Ahí estaba ella, tranquila, esperando el atardecer en la playa como a quien le sobrara el tiempo. Yo la observaba a sus espaldas, tumbado boca abajo y con los ojos entrecerrados. No tenía miedo a ser descubierto. Cualquier movimiento que ella hiciera sería más lento que mi intención de simular un sueño profundo. Pero perdía cuidado porque parecía abstraída.

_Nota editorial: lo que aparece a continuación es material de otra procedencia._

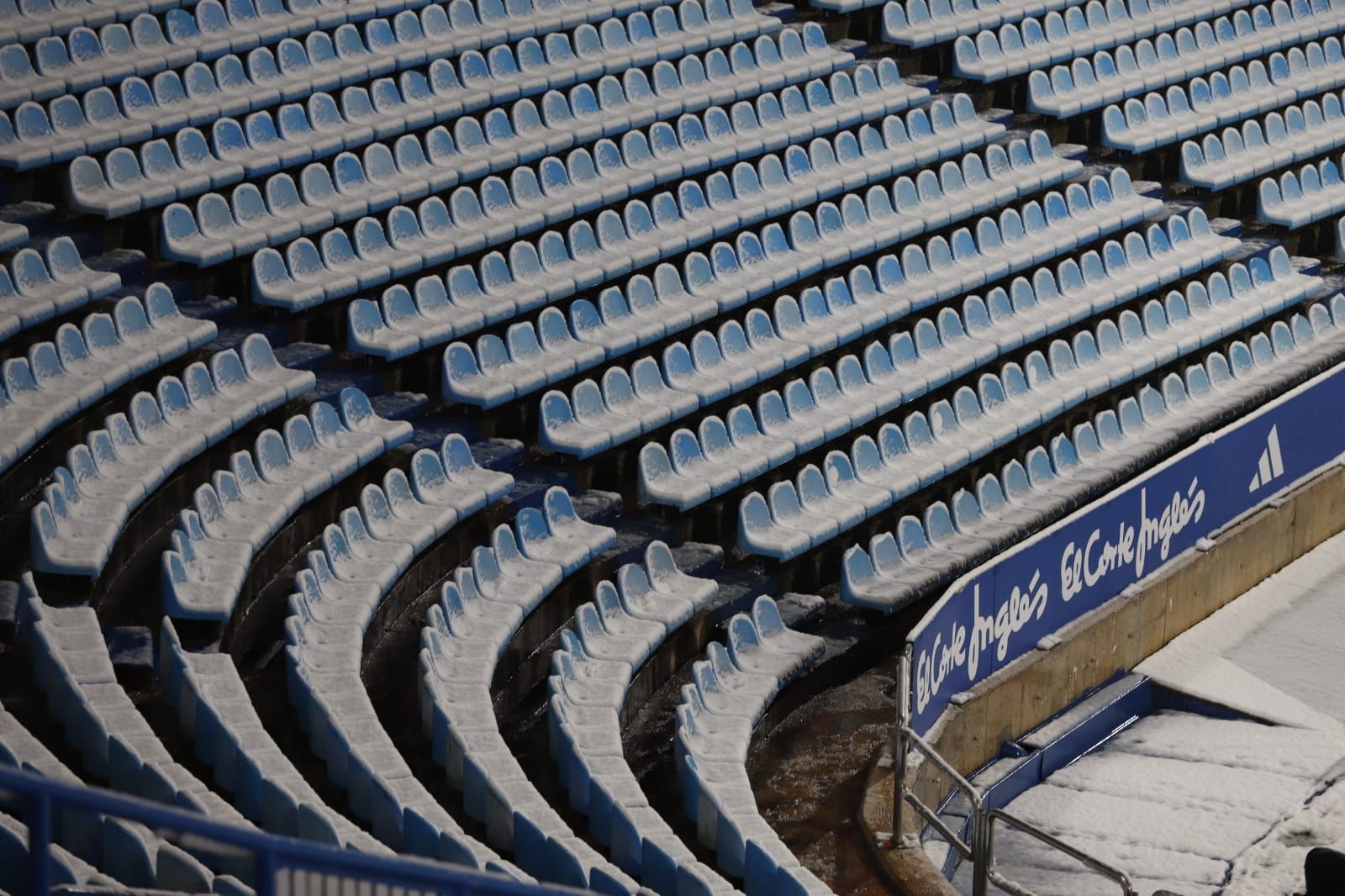 Real Zaragoza-Andorra, en imágenes: así está el estadio de La Romareda tras la nevada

Con mi mejilla apoyada sobre la arena me di cuenta de que, en realidad, temía a aquella mujer. Si al final acababa por descubrirme le confesaría mi curiosidad. Le diría que todo había comenzado aquella misma tarde, junto a su apartamento, cuando desde mi hamaca escuché las palabras que vertió sobre su marido sin previo aviso. Le explicaría cómo atrajo mi atención aquel preámbulo escueto y seco anunciándole a bocajarro que ya no le quería, que después de veinte años de matrimonio se había dado cuenta de que le quedaba suficiente vida por delante como para desperdiciarla estando juntos. Es cierto que luego le reconoció sus méritos, y detalló lo bueno que había sido con ella, sus agasajos, sacrificios y caricias, su pasión y su respeto. No podía por menos que estarle agradecida y sentir cariño, incluso amor, pero no un amor puro, ni siquiera añejo, sino amor a secas, apenas cuatro letras. Concluyó su argumentación sentenciando su ruptura. Lo hacía por él, pero sobre todo por ella, por volver a sentirse mujer.
Después, tomo su toalla y caminó hacia la playa sin esperar contrarréplica alguna, sin despedirse, sin nada. Y yo no pude por menos que seguirla. Había descubierto por fin que el ser humano tenía alma hasta que otro se la llevaba, una especie de muerte descalza que, después de pasar la guadaña, tenía el suficiente cuajo como para esperar leyendo tranquilamente a los siguientes que iba a desalmar.